Factually, Trump is thereby asserting emergency war powers. In a recognized armed conflict, international law allows a country to kill enemy combatants even if they do not pose an immediate threat, detain them without trial and try them through military tribunals, experts explain.

International law lawyers, however, believe Trump is going beyond the law: drug sales alone cannot amount to an "armed attack" on the United States. Even with the high number of overdose deaths (and the Trump administration cites tens of thousands of deaths each year), international law prohibits the military from targeting civilians unless they are directly engaged in combat.

Retired Judge Jeffrey S. Korn, who previously served as the U.S. Army's senior military law adviser, called Trump's actions "not a stretching but a tearing apart" of legal rules.

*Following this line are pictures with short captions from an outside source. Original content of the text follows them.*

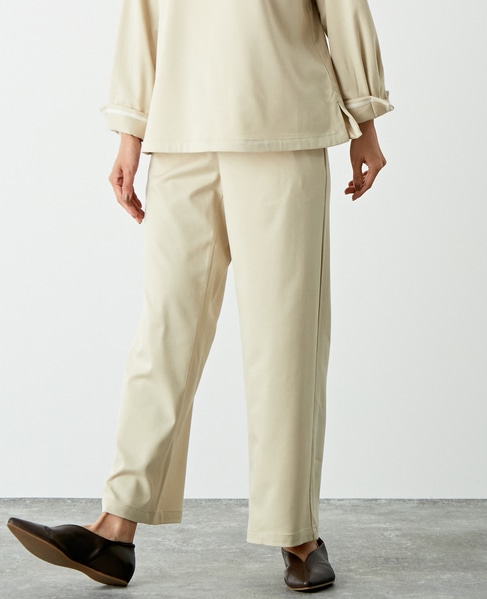 【マリンボタンがポイントのストレッチストレートパンツ】 詳細画像 ライトベージュ 1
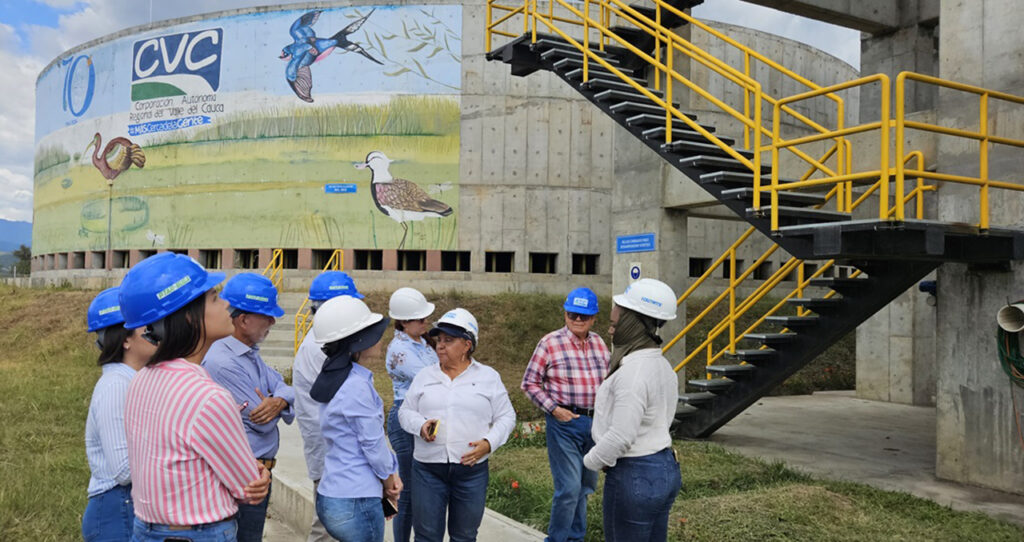 palmira-adoptar-sistema-innovador-de-tratamiento-de-agua-residuales-implementado-en-buga-con-inversion-dee-cvc-04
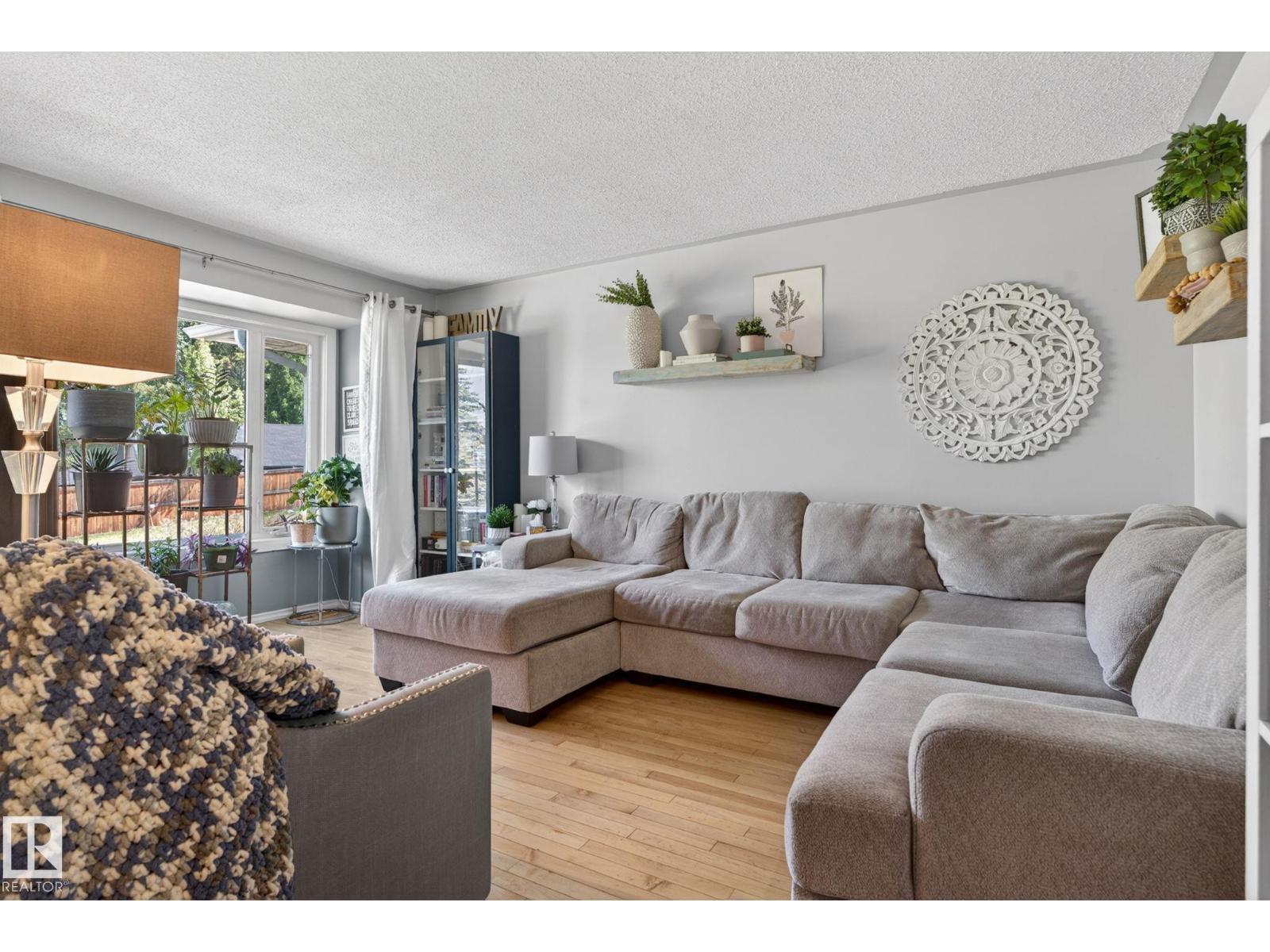 5511 51 AV — photo 15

At the same time, his administration claims to be acting "under the laws of war" to protect the U.S. from "deadly poison." However, ships coming from Venezuela have been the primary targets, although the spike in drug overdose deaths in the U.S. has been linked primarily to fentanyl being brought into the country from Mexico. For its part, Congress has not authorized the use of military force against the drug cartels.

In a classified notice obtained by the NYT, Trump said the actions of these groups amounted to an attack on the United States and allies, meaning America was engaged in an "unconventional armed conflict" with them - a term commonly used for civil wars or fighting by authorities with various groups.

After the terrorist attacks of September 11, 2001, this was the status given to the U.S. conflict with al-Qaeda, which allowed George Bush Jr. to invoke war powers, but then there was an actual armed attack on America and congressional authorization.

Now Trump is actually mixing the "war on drugs" in a metaphorical sense with a real war, claiming he can wipe out people suspected of having ties to the cartels without trial. In the last documented episode, on Sept. 15, U.S. Special Forces destroyed a boat carrying three people, calling them "unlawful combatants."

The Pentagon says the mission is conducted in strict compliance with U.S. and international law. But even State Department lawyers specializing in the law of armed conflict have expressed doubts: for a group to be considered a participant in a war, it must be sufficiently organized.

For example, the Venezuelan group Tren de Aragua, which is most often mentioned by the Trump administration, according to U.S. intelligence, is made up of disparate local cells and is so decentralized that it is difficult to imagine it as a unified armed force.